Talk about a lot of pressure to get a software deployment correct. A software install on an Airbus airplane resulted in a file containing parameters being wiped. This error caused (apparently) an airplane to crash when three engines cut off in flight and four people were killed.
I don’t know if this is the final report on this, but the fact this is a possibility concerns me as a technologist. Certainly we have probably had similar mechanical failures and installation issues in the past, but there are some scary issues here with regards to software. There was a faulty software installation (yikes!), a poor architecture (not assuming more then 2 engines would stop), too much tolerance for software errors (the review letting this pass), and poor overall design (no alerts on the ground).
I can’t decide if I think that software makes issues like this more or less likely. Certainly checks of physical systems are skipped regularly by people. It’s far easier, and more reliable, to automate checks of software systems, especially with deployments, than it might be for complex mechanical changes. However, maybe that’s not true. Perhaps mechanics are more likely to notice a loose bolt than a misconfigured software menu.
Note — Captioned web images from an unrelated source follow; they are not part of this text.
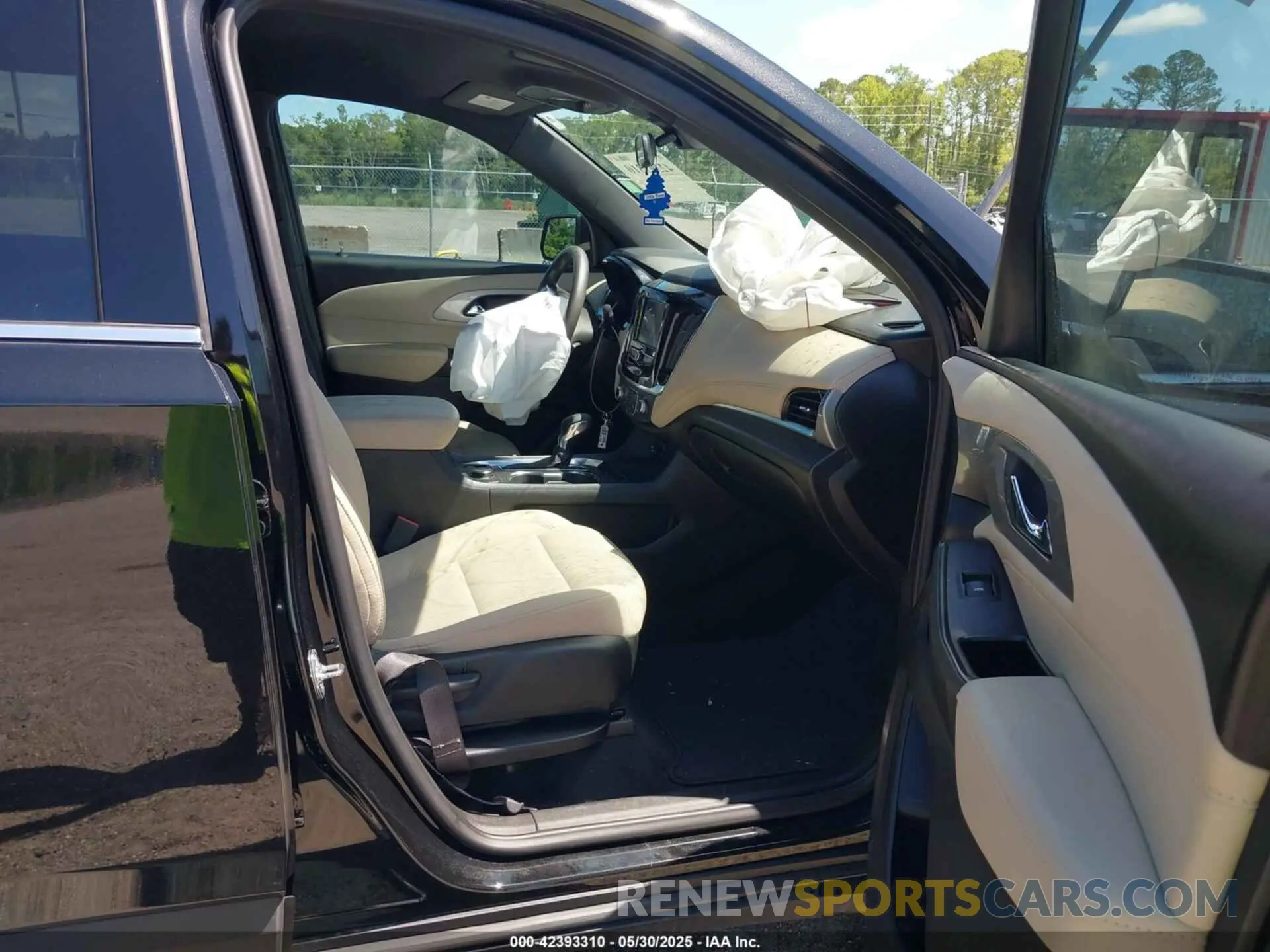 5 Photograph of a damaged car 1GNERFKWXPJ320101 CHEVROLET TRAVERSE 2023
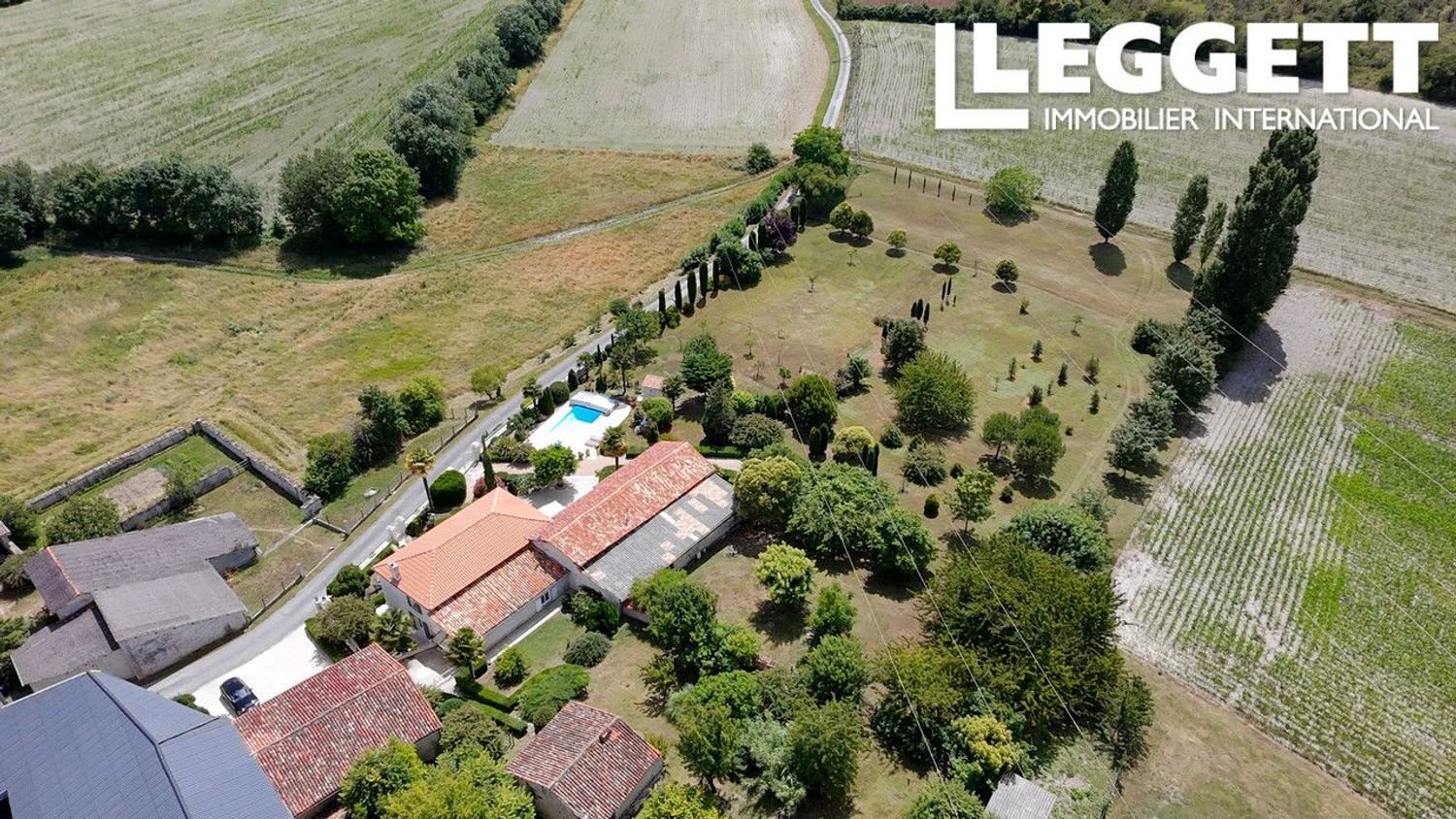 Maison à vendre, 231m², Châteauneuf-sur-Charente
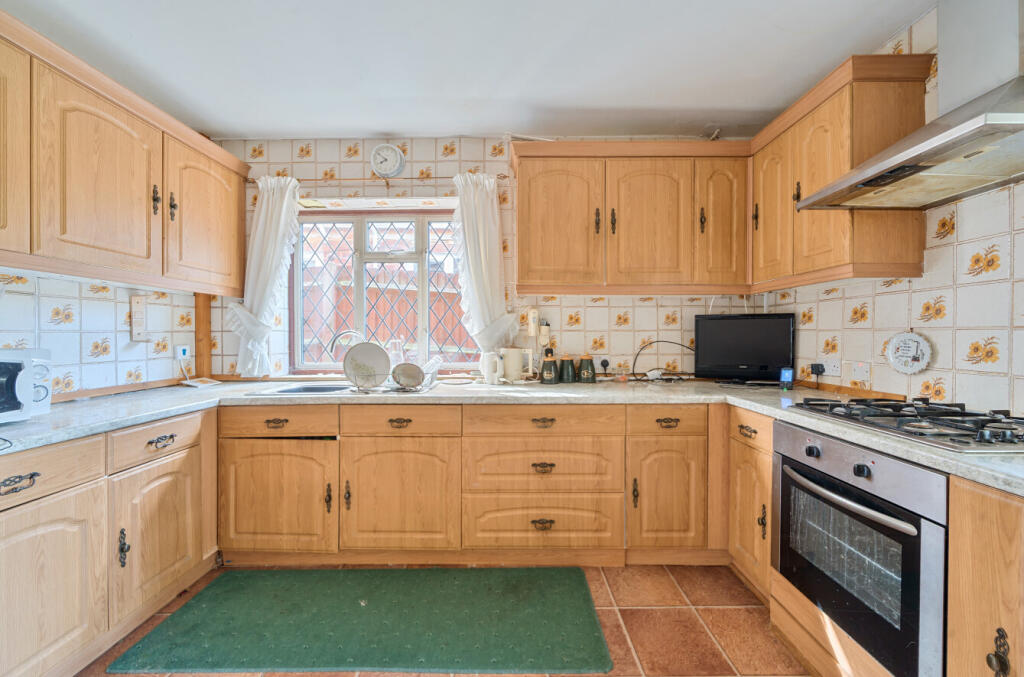 1334448-15-689b18...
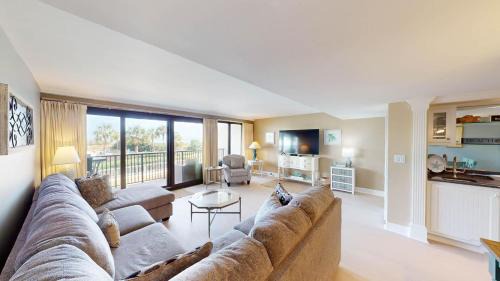 Litchfield by the Sea House | CoastalRetreat Beachfront 3BR Litchfield By theSea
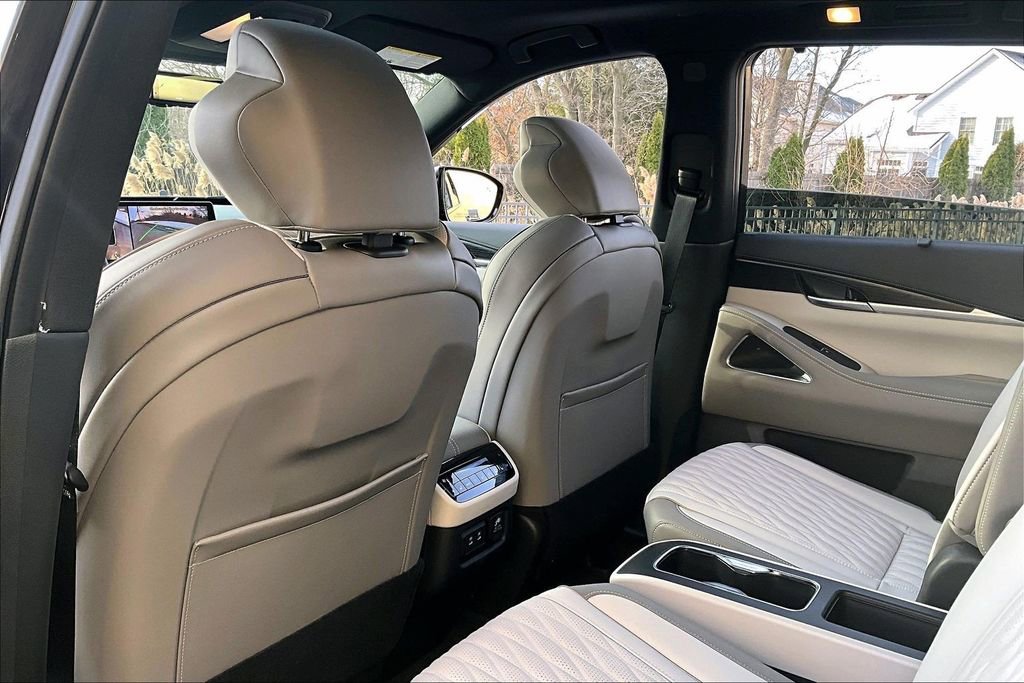 Certified 2026 INFINITI QX60 Autograph w/ Dark Cargo Package image 31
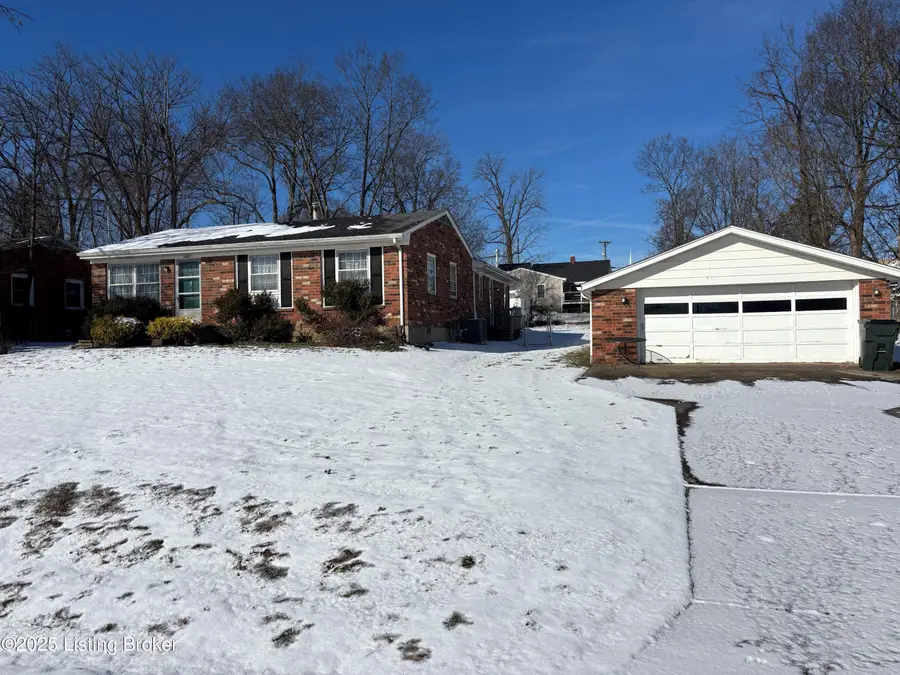 10607 Fairview Ave, Jeffersontown, KY 40299 - Image #3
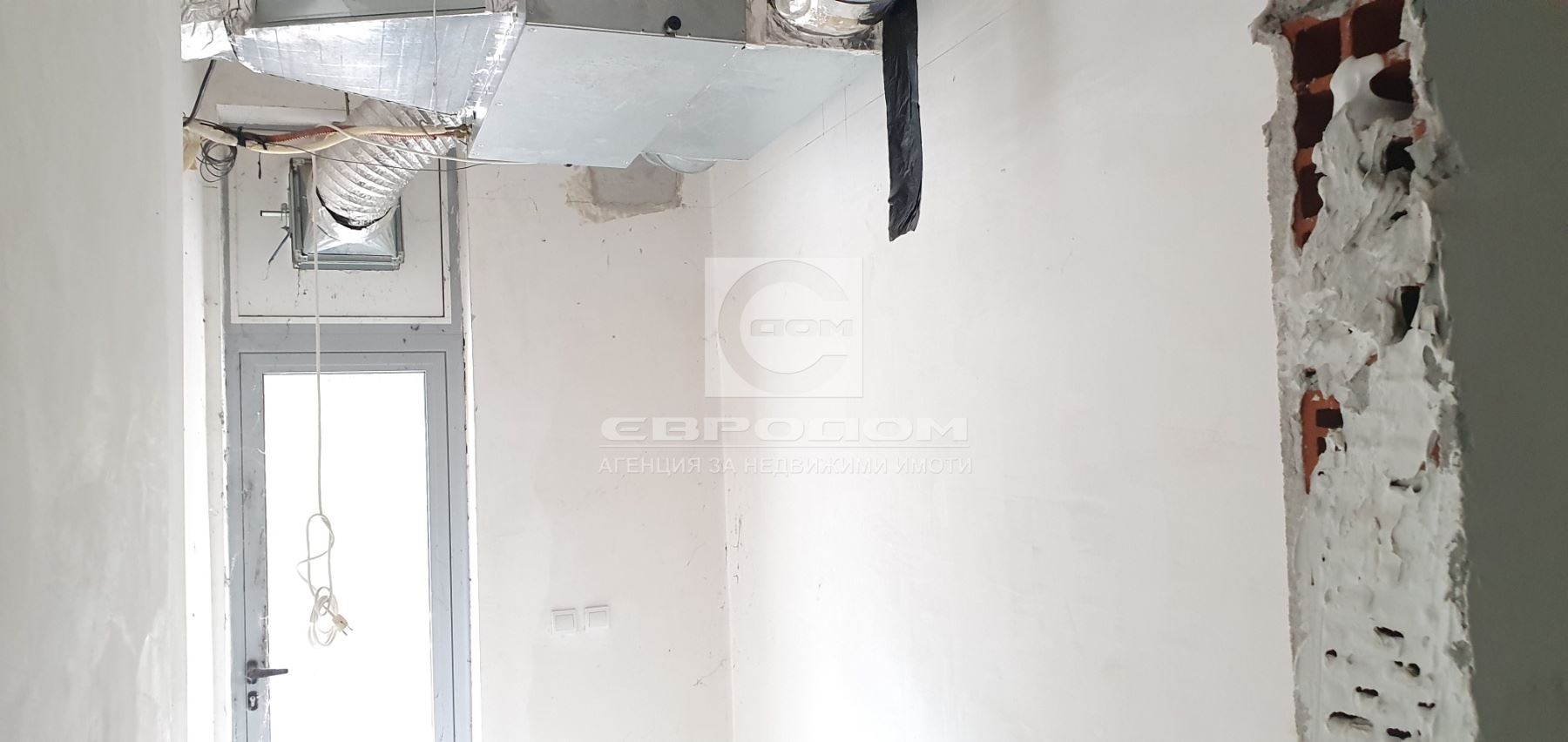 Продавам помещение със статут на КАФЕНЕ - 0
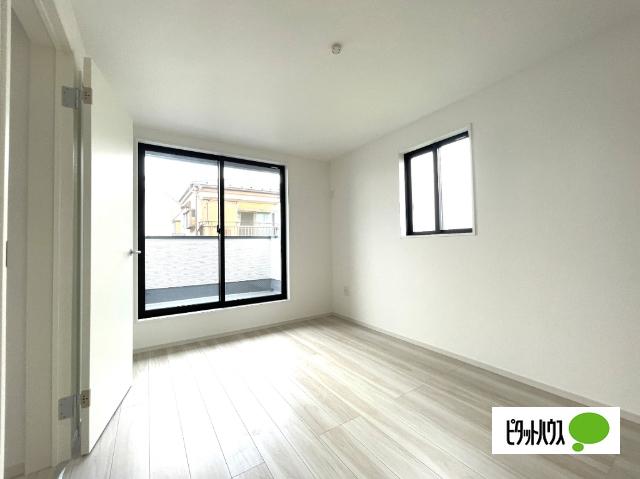 全１棟現場　外の荷物もしまえるシューズインクローゼット その他部屋・スペース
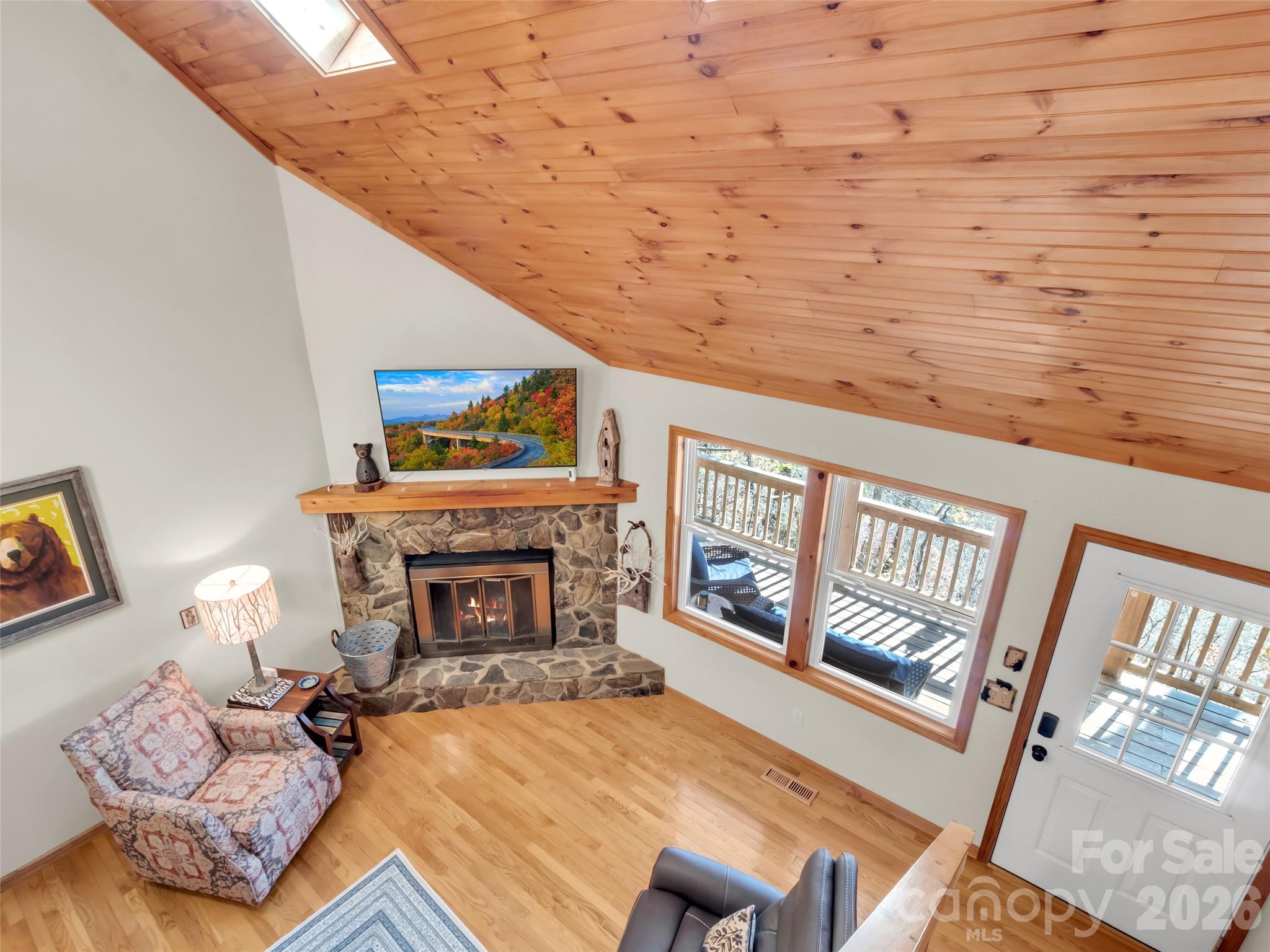 main property photo 26
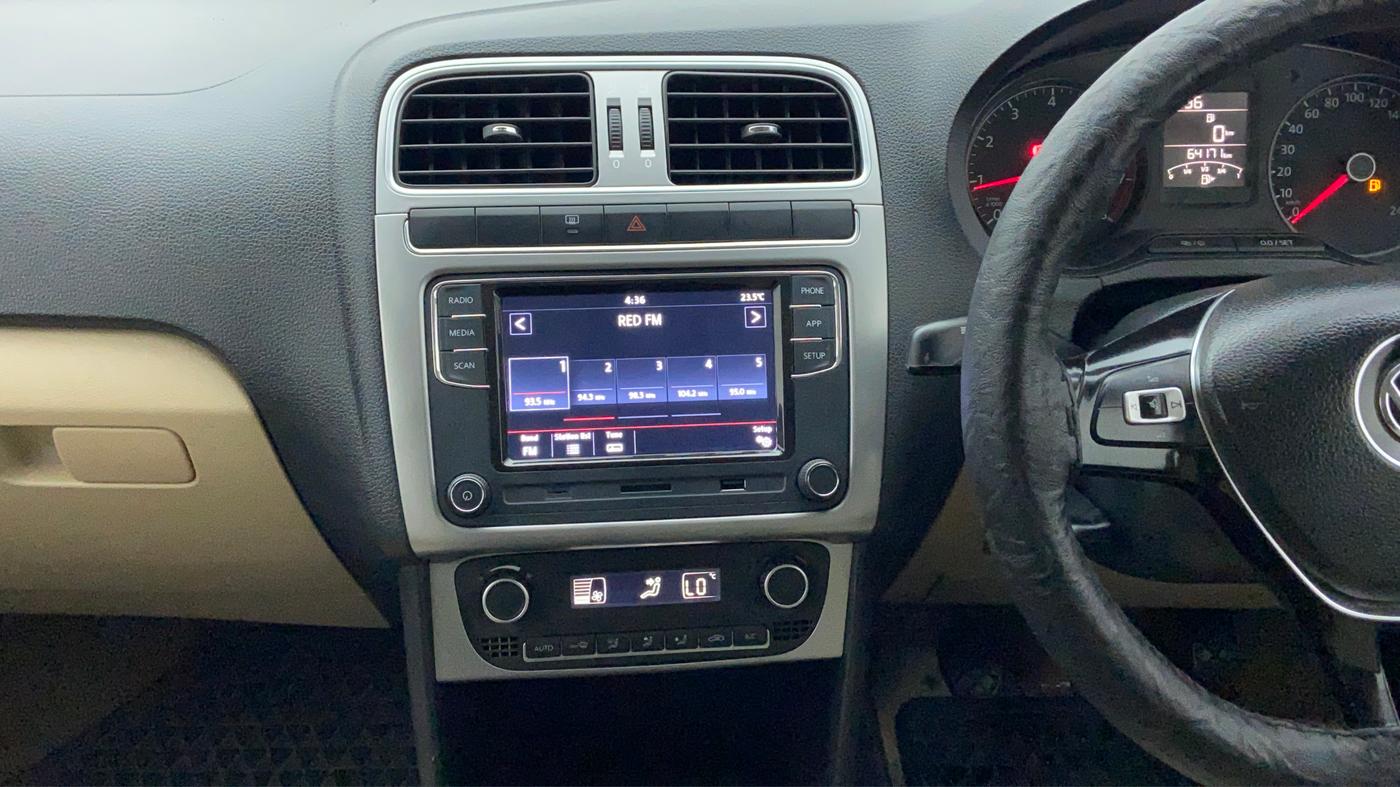 2015 Volkswagen Polo HIGHLINE1.2L PETROL, Petrol, Manual, 64,144 km, Air Conditioner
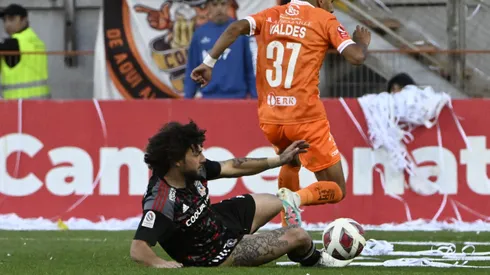 Peluca Falcón lucha un balón con Bastián Valdés, quien ofreció un buen nivel ante Erick Wiemberg.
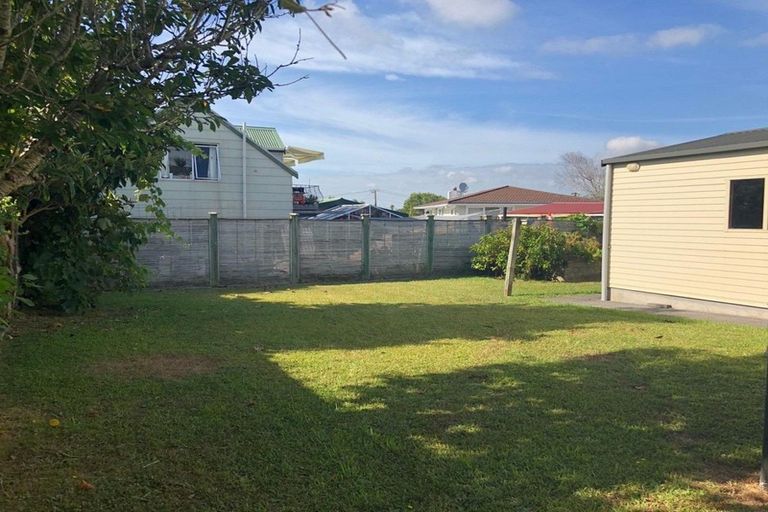 Photo of property in 25 Roberts Avenue, Bayswater, Auckland, 0622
Or maybe we need a new type of mechanic that’s savvy with technology.
Ultimately I think that any software that makes changes to systems, including through deployments, needs to have double checks by an independent process and clear alerting of any issue, not relying on someone to look for the success of a long series of steps. We also need to take review of potential software errors very seriously and ensure the tolerance for potential issues shrinks as the impact of those issues rises.